Brave decision to end homework is good news for school pupils | Daily Record

First published 10 November, 2016 by Daily Record:

THIS week, something amazing happened.

Inverlochy Primary, a little school of just 175 pupils in Fort William, has done something truly revolutionary.

No, they haven’t opted out of council control, instituted daily standardised testing of all pupils or started a campaign to bring back the belt (because things were better in someone’s day).

What they have done is simple – they’ve decided to stop setting homework.

Yes, you did read that correctly – no more homework.

The move, which was backed by 80 per cent of pupils and 60 per cent of parents, means that children will be encouraged to read books or comics rather than dotting i’s, crossing t’s and doing sums at the kitchen table each night (or the school bus each morning).

I must confess to getting rather excited by this. Why? Because it looks like that incredibly rare thing – a genuinely bold education initiative driven by what is best for pupils, not politicians and pencil pushers. Hallelujah.

It takes real guts to challenge orthodoxy and there are few things more orthodox, more lazily ingrained in our whole view of what education is and should be than homework.

But wait – I hear you cry – homework is vital, isn’t it? I was given loads of homework at school and it didn’t do me any harm.

I mean, the Scottish Government even has a whole section of its website saying homework is really important, and they must know what they’re talking about when it comes to education (stop sniggering at the back).

Well, actually – no.

This might seem counter-intuitive but when it comes to primary school children the evidence is actually pretty clear – homework has, at best, a tiny impact on pupils’ progress. This is partly because a lot of homework is little more than pointless busy-work and partly because a great deal of it is set in response to school-wide homework policies rather than the carefully considered needs of each pupil.
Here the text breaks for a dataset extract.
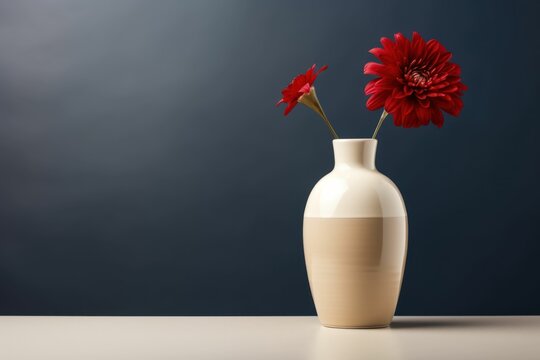 vase with flowers, dark grey background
It is also partly because the inability to control the conditions in which homework is completed, if it is completed, makes the whole exercise an act of faith – which Tom Bennett, an adviser to the Department of Education in England and founder of educational research organisation ResearchED, accurately described as “a boomerang thrown into the darkness”.

And the problems don’t end there, because our obsession with homework also has numerous other downsides: it places an unnecessary strain on young children who already spend enough of their day completing school work; it eats into the (increasingly) limited time available for families to talk, read and play together – all of which are more useful for children’s learning; it adds to the already unacceptable workloads faced by over-worked teachers.

Worst of all, the sort of homework regimes in place across Scotland are, if anything, likely reinforcing the gap between the rich (who tend to go home to environments conducive to effective learning) and the poor (who all too often do not).

That’s a lot of time, attention and resources focused on something that certainly isn’t doing much, if any, good and, at worst, could be having a negative overall effect.

Bad ideas – like homeopathy, prohibition or voting Tory – are infuriatingly resilient but they should always be challenged.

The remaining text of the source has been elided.